Timeliness detectors and 51% attack recovery in blockchains

vbuterin · February 11, 2020, 6:53pm

Summary

I propose a construction, based on Lamport’s 99% fault tolerant consensus ideas, that I call timeliness detectors. Timeliness detectors allows online clients (ie. clients, aka users, that are connected to other clients with latency \le \delta) to detect, with guarantees of correctness and agreement, whether or not blocks were published “on time”. In the event of a 51% attack, this allows at least the subset of clients that are online to come to agreement over (i) whether or not a “sufficiently bad” 51% attack happened, and (ii) what is the “correct” chain to converge on and potentially even (iii) which validators to “blame” for the attack. This reduces the ability of 51% attacks to cause chaos and speeds up recovery time from an attack, as well as increasing the chance that a successful attack costs money.

Timeliness detectors

The most basic construction for a timeliness detector is as follows. For every block that a client receives, the client maintains a “is it timely?” predicate, which states whether or not the client thinks the block was received “on time”. The goal of this will be to try to distinguish the attacking chain from the “correct” chain in a 51% attack:

Our model will be simple: each block B has a self-declared timestamp t (in real protocols, the timestamp would often be implicit, eg. in the slot number). There is a commonly agreed synchrony bound \delta. The simplest possible timeliness detector is: if you receive B before time t + \delta, then you see the block as timely, and if you receive it after t + \delta, then you do not. But this fails to have agreement:

51attack2

We solve the problem as follows. For each block, we randomly select a sample of N “attesters”, v_1 ... v_n. Each attester follows the rule: if they see a block B with a timestamp t along with signatures from k attesters before time t + (2k+1)\delta, they re-broadcast it along with their own signature. And the rule that a client follows is: if they see a block B with a timestamp t along with signatures from k attesters before time t + 2k\delta, they accept it as timely. If they see B but it never satisfies this condition, they see B as not timely.

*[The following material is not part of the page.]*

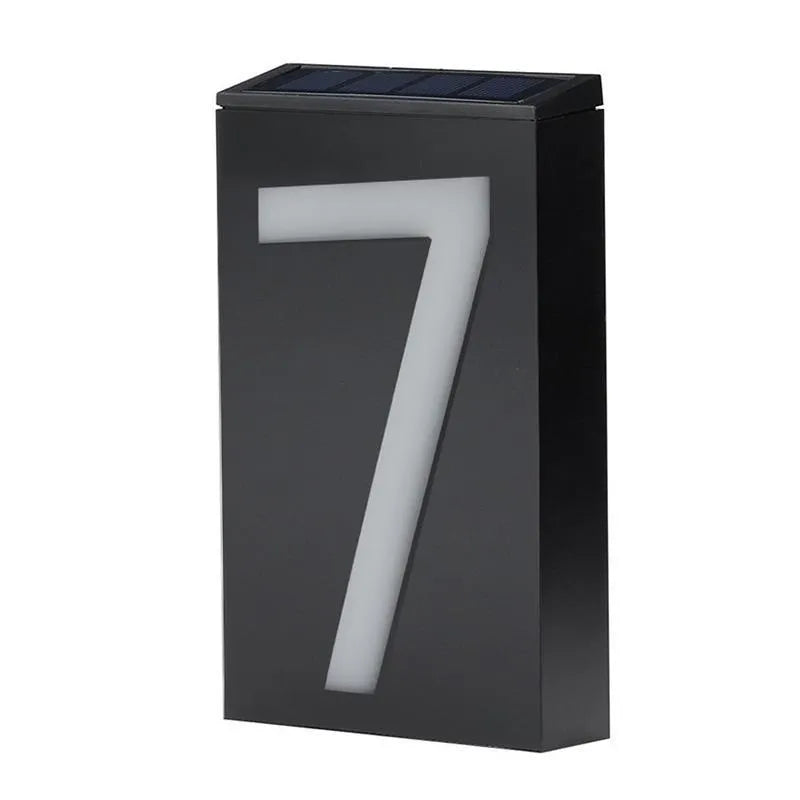 Solar powered white LED house number light mounted on a wall with IP65 waterproof rating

Let us see what happens when even one client sees some block B as timely, though others may not see it as timely at first because of latency discrepancies. We will at first assume a single, honest, attester.

51attack3

This diagram shows the basic principle behind what is going on. If a client sees a block before for deadline T, then (at least because they themselves can rebroadcast it) that block will get into the hands of an attester before the attester deadline T + \delta, and the attester will add their signature, and they will rebroadcast it before time T + \delta, guaranteeing that other nodes will see the block with the signature before time T + 2\delta. The key mechanic is this ability for one additional signature to delay the deadline.

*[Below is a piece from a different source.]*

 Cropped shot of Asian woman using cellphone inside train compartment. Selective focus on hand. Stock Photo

Now, consider the case of n-1 dishonest attesters and one honest attester. If a client sees a timely block with k signatures, then there are two possibilities:

One of those k signatures is honest.
None of those k signatures are honest (so one attester who has not yet signed still remains)

In case (1), we know that the attester is honest, and so the attester broadcasted B with j \le k signatures before time T + (2j-1)\delta, which means that (by the synchrony assumption) every client saw that bundle before time T + 2j\delta, so every client accepted B as current.

In case (2), we know that the honest attester will see the bundle before time T + (2k+1)\delta, so they will rebroadcast it with their own signature, and every other client will see that expanded bundle before the k+1 signature deadline T + (2k+2)\delta.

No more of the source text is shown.